The Toronto Black Film Festival presented Spike Lee, Cannes Film Festival’s first Black Jury President, with the Toronto Black Film Festival’s 2020 Lifetime Achievement Award during an intimate evening, where festival-goers watched a restored version of his film Bamboozled and heard the Academy Award-winning director discuss his journey as a filmmaker as well as his views on today’s socio-economic environment.
#TBFF20 presented 9 World Premieres, 5 International Premieres, 1 North-American premiere, 20 Canadian Premieres and 34 Ontario Premieres. #TBFF20, Canada’s largest celebration of Black History Month through films and more, showcased over 75 films from 20 countries, including Jamaica, Germany, Brazil, South Africa, Ghana, Nigeria, Canada, USA, Kenya, UK, Trinidad & Tobago, France, Namibia, Italy and more.

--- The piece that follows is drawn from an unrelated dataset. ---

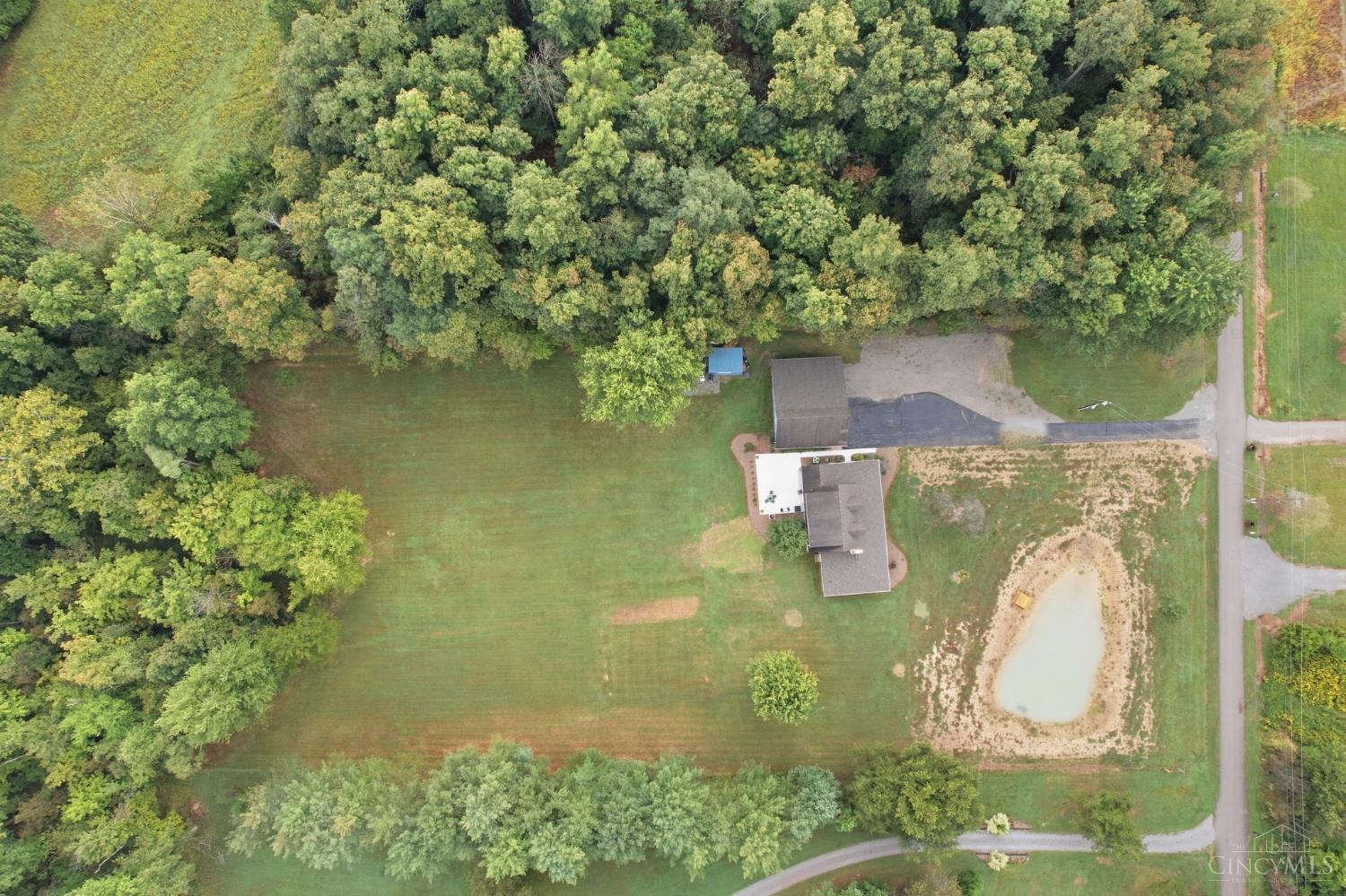 7706 Gardner Road Property Photo 9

“Welcoming and paying tribute to the legendary Spike Lee at the 2020 Toronto Black Film Festival was a true privilege for us all and quite a coup for Toronto and the Festival. His commitment to independent cinema, his strength, determination, and activism in achieving social justice really make a difference in a world that, too often, tends to silence us. Today, our focus at TBFF is to go beyond ‘awareness’ with concrete ‘actions’ to foster the inclusion of diversity off and on camera!”States Fabienne Colas, President and Founder of the TBFF.
“Through the TD Ready Commitment, we were delighted to be co-presenting the Toronto Black Film Festival, for the 5th year, as part of our 2020 Black History Month series. We are thrilled with this year’s amazing film festival screenings that celebrate our diversities, amplify underrepresented voices, and will help shape our country’s history for today and tomorrow,”said Naki Osutei, Associate Vice President, Social Impact, TD Bank Group.
Created by the Fabienne Colas Foundation, the Toronto Black Film Festival promotes diversity off and on screen and gives minorities a voice. Part of TD’s 2020 Black History Month Series, #TBFF20 kicked off with Maximilian Carlson’s Princess Of The Row and will close with Bernard Attal’s Restless (Sem Descanso). One of the highlights is an initiative from The Fabienne Colas Foundation’s Youth & Diversity Program: Being Black in Canada. Fifteen emerging Black Canadian filmmakers (18-30 years old), from Toronto, Montreal and Halifax, screened their 15 short documentary films produced through the program – as Ontario Premieres. This edition’s Centrepiece films include Angus Gibson’s Back Of The Moon and Paxton Winters’ Pacified (Pacificado).
The TBFF Kids Film Festival returned on Family Day with a variety of films, storytelling and workshops. TBFF was thrilled to host a Movie-Talk with two-time NFL Super Bowl Champion Malcolm Jenkins of the Philadelphia Eagles following the screening of Sandra Lowman’s documentary feature Black Boys. Industry events took place as part of TBFF Black Market, which includes a Panel Discussion and Masterclass with filmmakers. Finally, festival-goers capped off their day with the #TBFF20 late night live performances.